Goal of the exercise: Transcribe exactly the span of lines that begins the records and ends with the line holding "3x3 Matrix Determinant Formula", both boundary lines included.

▼

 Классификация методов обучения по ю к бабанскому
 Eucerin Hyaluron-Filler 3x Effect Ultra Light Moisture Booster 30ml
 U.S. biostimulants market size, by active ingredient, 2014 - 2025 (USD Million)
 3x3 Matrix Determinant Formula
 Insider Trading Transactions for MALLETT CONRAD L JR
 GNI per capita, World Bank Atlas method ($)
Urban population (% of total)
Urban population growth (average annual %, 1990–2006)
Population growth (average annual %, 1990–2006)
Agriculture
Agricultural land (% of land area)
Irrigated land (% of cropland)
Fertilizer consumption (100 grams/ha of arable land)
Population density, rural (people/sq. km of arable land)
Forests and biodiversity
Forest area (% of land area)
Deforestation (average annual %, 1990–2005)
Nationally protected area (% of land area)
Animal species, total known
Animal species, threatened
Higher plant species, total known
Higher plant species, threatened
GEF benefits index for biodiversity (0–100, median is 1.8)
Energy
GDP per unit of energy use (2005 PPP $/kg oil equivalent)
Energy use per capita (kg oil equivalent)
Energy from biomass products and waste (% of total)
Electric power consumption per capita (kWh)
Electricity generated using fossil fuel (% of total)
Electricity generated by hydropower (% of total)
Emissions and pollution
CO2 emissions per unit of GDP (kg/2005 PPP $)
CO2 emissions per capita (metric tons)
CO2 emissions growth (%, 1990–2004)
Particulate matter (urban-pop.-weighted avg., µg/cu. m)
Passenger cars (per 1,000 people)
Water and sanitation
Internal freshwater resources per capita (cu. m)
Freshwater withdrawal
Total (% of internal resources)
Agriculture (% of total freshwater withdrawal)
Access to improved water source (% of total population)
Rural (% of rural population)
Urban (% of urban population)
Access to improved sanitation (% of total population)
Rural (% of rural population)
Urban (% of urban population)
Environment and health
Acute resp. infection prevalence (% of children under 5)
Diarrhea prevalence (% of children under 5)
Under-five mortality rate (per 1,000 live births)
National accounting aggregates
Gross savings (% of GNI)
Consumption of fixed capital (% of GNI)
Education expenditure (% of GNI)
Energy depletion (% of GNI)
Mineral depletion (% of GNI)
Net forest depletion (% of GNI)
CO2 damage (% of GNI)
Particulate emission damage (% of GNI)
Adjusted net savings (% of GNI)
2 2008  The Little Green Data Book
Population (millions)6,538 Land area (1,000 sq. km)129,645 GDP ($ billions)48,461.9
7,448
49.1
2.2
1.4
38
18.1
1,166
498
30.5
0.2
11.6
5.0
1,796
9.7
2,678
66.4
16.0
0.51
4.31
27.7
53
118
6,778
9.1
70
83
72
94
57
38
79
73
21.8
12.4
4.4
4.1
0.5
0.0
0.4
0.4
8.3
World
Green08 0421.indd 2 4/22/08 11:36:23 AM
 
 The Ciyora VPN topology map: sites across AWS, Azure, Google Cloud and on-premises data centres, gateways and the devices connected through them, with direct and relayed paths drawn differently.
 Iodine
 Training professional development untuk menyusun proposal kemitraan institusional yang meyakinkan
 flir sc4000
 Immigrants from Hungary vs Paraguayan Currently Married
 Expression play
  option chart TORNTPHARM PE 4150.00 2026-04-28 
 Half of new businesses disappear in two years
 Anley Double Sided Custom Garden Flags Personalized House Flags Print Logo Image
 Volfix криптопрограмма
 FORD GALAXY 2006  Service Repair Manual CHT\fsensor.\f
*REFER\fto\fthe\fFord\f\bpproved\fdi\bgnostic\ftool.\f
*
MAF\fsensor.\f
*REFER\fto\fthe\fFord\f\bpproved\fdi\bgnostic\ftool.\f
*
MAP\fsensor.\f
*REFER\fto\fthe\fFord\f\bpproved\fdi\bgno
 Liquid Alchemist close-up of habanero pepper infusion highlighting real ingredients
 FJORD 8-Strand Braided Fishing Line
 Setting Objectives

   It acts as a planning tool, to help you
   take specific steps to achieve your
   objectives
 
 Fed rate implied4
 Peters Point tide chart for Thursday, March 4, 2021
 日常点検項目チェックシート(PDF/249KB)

▲

Answer to the exercise:
 Классификация методов обучения по ю к бабанскому
 Eucerin Hyaluron-Filler 3x Effect Ultra Light Moisture Booster 30ml
 U.S. biostimulants market size, by active ingredient, 2014 - 2025 (USD Million)
 3x3 Matrix Determinant Formula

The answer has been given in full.